The NEXT step is to run 200 amps out the top of the sub-panel, through thin wall 2" conduit, into the attic. The conduit will run not more then 20 feet and drop down to the FRONT PORCH by the front door. There, I will install an exterior 200 amp main breaker panel.
I will then run the full 200 amps through THAT wall. Mounted just inside that wall, will be a 40 space 200 amp deluxe QO panel. This panel will be the feeder panel to our shop machines (2 mills, a lathe, and a drill press) all mounted in the "living room".
So, what I'm trying to understand is: What safety devices do I need between this 200 amp single phase box and the RPC and between the RPC and the machines it powers?
Because I'm newly retired, and living on a fixed income, I need to do it myself, and I need to do it cheap. But that doesn't mean I don't want to do it right.
At present, the tentative "plan" is this:
I will mount the 7 1/2 HP idler motor somewhere near or behind the Gorton mill.

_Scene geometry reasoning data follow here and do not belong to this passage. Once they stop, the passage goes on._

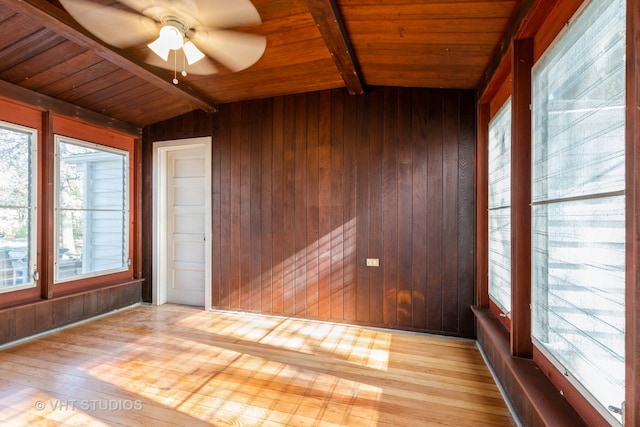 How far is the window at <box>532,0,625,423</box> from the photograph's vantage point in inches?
45.4

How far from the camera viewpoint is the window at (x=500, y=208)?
95.2 inches

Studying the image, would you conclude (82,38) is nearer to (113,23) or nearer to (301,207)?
(113,23)

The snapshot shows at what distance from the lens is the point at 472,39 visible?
7.64ft

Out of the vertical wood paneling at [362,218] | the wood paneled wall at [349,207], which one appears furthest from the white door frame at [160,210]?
the vertical wood paneling at [362,218]

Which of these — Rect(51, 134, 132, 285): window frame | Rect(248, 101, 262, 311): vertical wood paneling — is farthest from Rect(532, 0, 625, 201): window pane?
Rect(51, 134, 132, 285): window frame

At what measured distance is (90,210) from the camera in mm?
3859

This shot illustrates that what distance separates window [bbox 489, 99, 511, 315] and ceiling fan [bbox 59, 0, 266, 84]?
201 centimetres

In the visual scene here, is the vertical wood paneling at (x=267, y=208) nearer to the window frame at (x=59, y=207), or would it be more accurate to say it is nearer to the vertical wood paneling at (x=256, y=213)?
the vertical wood paneling at (x=256, y=213)

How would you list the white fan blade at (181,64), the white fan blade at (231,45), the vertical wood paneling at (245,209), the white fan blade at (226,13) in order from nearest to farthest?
1. the white fan blade at (226,13)
2. the white fan blade at (231,45)
3. the white fan blade at (181,64)
4. the vertical wood paneling at (245,209)

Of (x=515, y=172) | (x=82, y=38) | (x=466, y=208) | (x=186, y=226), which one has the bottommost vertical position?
(x=186, y=226)

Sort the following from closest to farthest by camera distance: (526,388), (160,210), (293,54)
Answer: (526,388) < (293,54) < (160,210)

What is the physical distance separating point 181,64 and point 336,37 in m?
1.51

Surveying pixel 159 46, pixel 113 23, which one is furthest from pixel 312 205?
pixel 113 23

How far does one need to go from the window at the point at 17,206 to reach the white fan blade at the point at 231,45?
7.68 feet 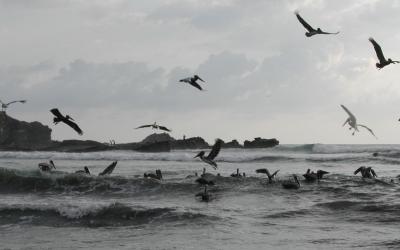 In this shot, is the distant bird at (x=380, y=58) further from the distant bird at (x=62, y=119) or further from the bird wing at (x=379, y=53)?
the distant bird at (x=62, y=119)

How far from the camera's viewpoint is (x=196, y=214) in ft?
49.3

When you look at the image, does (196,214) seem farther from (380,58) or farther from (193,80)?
(380,58)

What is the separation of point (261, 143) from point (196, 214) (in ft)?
177

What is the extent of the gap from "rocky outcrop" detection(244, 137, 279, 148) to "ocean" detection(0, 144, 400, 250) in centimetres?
4430

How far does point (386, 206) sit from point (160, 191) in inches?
304

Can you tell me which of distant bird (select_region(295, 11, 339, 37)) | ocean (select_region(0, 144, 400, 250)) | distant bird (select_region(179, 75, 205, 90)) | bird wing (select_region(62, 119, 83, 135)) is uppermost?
distant bird (select_region(295, 11, 339, 37))

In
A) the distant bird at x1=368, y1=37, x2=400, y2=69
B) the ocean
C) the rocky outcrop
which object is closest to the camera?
the distant bird at x1=368, y1=37, x2=400, y2=69

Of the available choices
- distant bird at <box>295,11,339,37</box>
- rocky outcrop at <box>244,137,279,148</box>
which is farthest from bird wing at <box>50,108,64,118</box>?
rocky outcrop at <box>244,137,279,148</box>

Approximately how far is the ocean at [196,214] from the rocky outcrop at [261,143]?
44.3 metres

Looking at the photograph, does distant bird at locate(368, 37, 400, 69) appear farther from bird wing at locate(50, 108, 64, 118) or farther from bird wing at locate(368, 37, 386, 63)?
bird wing at locate(50, 108, 64, 118)

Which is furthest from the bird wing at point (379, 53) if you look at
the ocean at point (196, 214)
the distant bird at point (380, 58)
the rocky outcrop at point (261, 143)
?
the rocky outcrop at point (261, 143)

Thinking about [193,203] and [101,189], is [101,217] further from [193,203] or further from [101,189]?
[101,189]

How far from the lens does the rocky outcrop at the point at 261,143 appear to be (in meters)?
67.8

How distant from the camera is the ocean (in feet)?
40.5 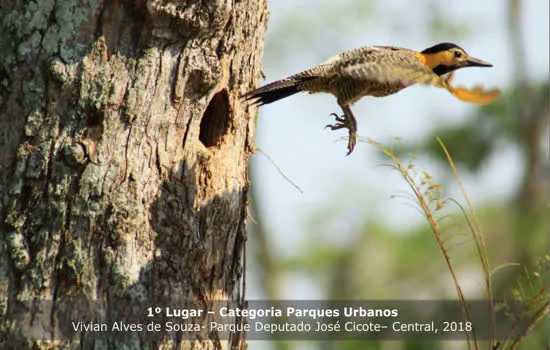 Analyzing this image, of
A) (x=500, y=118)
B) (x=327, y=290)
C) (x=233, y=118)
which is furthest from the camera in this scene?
(x=327, y=290)

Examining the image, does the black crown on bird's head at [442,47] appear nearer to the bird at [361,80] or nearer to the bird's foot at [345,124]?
the bird at [361,80]

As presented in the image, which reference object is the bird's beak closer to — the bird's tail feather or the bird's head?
the bird's head

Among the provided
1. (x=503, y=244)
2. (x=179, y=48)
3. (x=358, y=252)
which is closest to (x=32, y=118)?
(x=179, y=48)

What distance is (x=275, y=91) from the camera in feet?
13.6

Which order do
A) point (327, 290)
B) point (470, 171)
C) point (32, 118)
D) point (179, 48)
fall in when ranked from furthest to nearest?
point (327, 290)
point (470, 171)
point (179, 48)
point (32, 118)

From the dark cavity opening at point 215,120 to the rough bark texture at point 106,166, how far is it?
0.15 meters

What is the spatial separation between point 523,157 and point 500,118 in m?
0.84

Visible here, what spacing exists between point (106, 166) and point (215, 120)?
2.49 feet

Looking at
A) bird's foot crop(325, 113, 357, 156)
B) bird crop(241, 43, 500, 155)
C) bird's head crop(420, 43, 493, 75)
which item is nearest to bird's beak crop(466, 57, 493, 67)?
bird's head crop(420, 43, 493, 75)

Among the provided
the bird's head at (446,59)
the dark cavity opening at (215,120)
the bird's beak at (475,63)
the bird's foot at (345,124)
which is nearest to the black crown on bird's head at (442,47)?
the bird's head at (446,59)

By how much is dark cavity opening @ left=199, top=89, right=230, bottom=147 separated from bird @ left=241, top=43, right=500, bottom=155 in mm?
194

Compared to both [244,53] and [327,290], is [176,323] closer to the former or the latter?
[244,53]

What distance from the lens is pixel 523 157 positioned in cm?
1145

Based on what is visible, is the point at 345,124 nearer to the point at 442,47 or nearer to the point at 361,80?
the point at 361,80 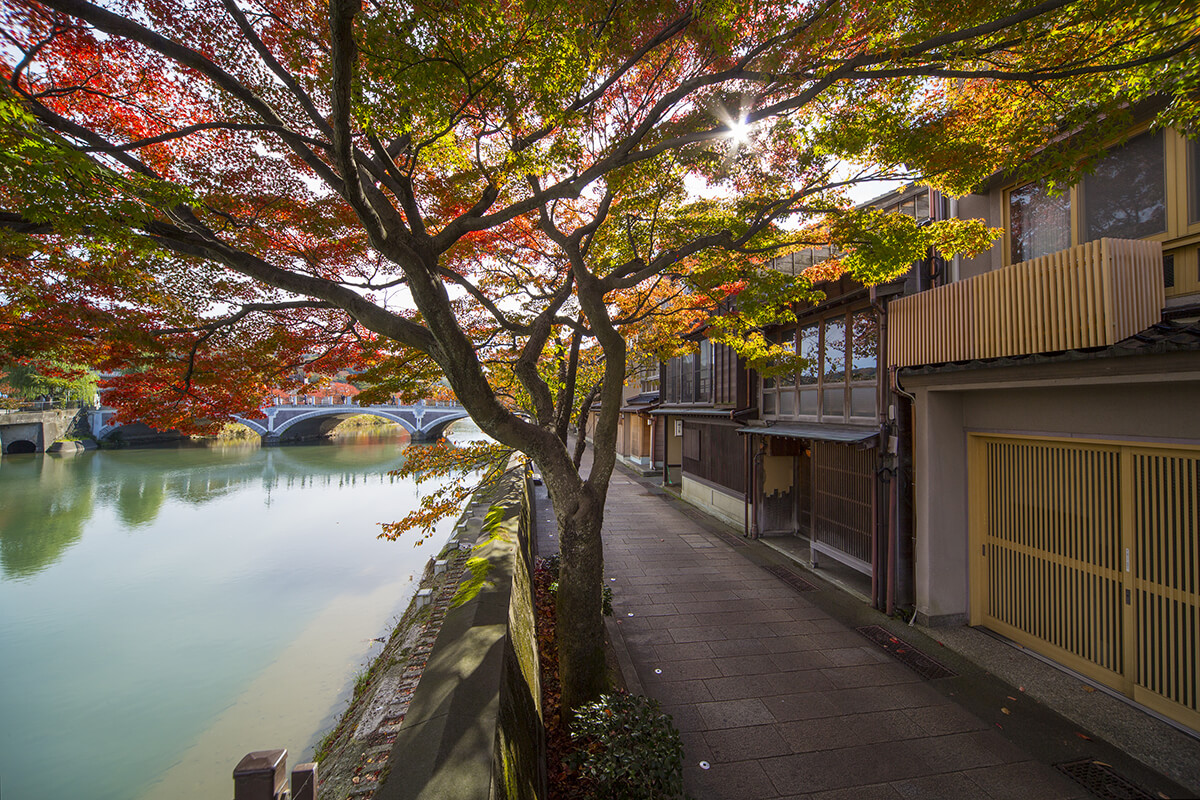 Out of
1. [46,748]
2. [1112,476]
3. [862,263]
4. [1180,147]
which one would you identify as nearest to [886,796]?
[1112,476]

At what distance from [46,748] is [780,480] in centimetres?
1404

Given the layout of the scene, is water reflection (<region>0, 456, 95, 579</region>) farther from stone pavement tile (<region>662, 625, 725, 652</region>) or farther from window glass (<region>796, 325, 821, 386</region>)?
window glass (<region>796, 325, 821, 386</region>)

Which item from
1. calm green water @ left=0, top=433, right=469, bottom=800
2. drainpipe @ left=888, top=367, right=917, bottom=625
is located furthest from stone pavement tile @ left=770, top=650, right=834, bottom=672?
calm green water @ left=0, top=433, right=469, bottom=800

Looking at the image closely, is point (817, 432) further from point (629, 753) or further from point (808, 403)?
point (629, 753)

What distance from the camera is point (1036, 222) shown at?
20.5 feet

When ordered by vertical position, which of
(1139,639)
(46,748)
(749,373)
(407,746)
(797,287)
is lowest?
(46,748)

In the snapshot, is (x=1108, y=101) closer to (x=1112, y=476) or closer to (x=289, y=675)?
(x=1112, y=476)

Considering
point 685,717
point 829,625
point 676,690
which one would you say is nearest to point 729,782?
point 685,717

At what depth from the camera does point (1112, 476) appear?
17.1ft

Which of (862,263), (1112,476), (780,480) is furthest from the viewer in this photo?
(780,480)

In a convenient location I will mount the magnetic starter (once I determine it's the appropriate size and rating) that I will rob from the Bridgeport mill, which runs from a 3 HP VFD. So I don't need the magnetic starter for the Bridgeport.
I will run two appropriately sized and and protected single phase hots plus a ground conductor from the panel (just a few feet away) to the magnetic starter. I will wire the starter to two of the hot legs on the idler motor beneath the motor cover. Both of these single phase hots and the three phase "wild leg" hot will run from the idler motor to the three fused busses on the original Gorton fuse box. Both the spindle motor and the hydraulic power unit for the tracer are wired into this box. Since I'm running at half the voltage (previously 440 now 220) I assume I will need to double the ampacity of the three (3) fuses. Yes?
I will either rope start the 7 1/2HP idler or spin it up to its 1155 rpm design speed with a pony motor. Once at or near design speed I will flip the appropriately sized single phase 220V breaker and push the button on the magnetic starter.
Once the RPC is spinning at full speed I will engage the fuse box on the mill. I will then start one motor or the other - starting the bigger one first.
I'm not asking any of you "Will this work?". Rather, I'm just asking you...
"Does this sound like a plan?"
Or have I totally failed to comprehend something I need to know?
Hi Vernon. I sure hope that is a slab house...Also not sure why you don't want any pf correction?? Caps are cheap. By the time you dink around trying to "pull start" your motor you could make it self starting.
I made a video on how to build a simple self starting rpc that drops out the start caps. How to build a rotary phase converter - YouTube
Ended up paralleling a 5hp motor w the existing, also ended up putting a pot between generated leg bus and the coil on the contactor to control coil voltage.
After burning up coil....
Thanks for your response. The house is indeed on a slab. The great thing about it is it's barely more than a shack. If the machinery weight cracks the slab I will simply rent a jack hammer, chisel out the concrete, dig a hole, fill it with steel, and build a machinery base.
Up to now we've had no such trouble. However, after a record drought in Texas last year a lot of people have started having foundation problems where there were none before.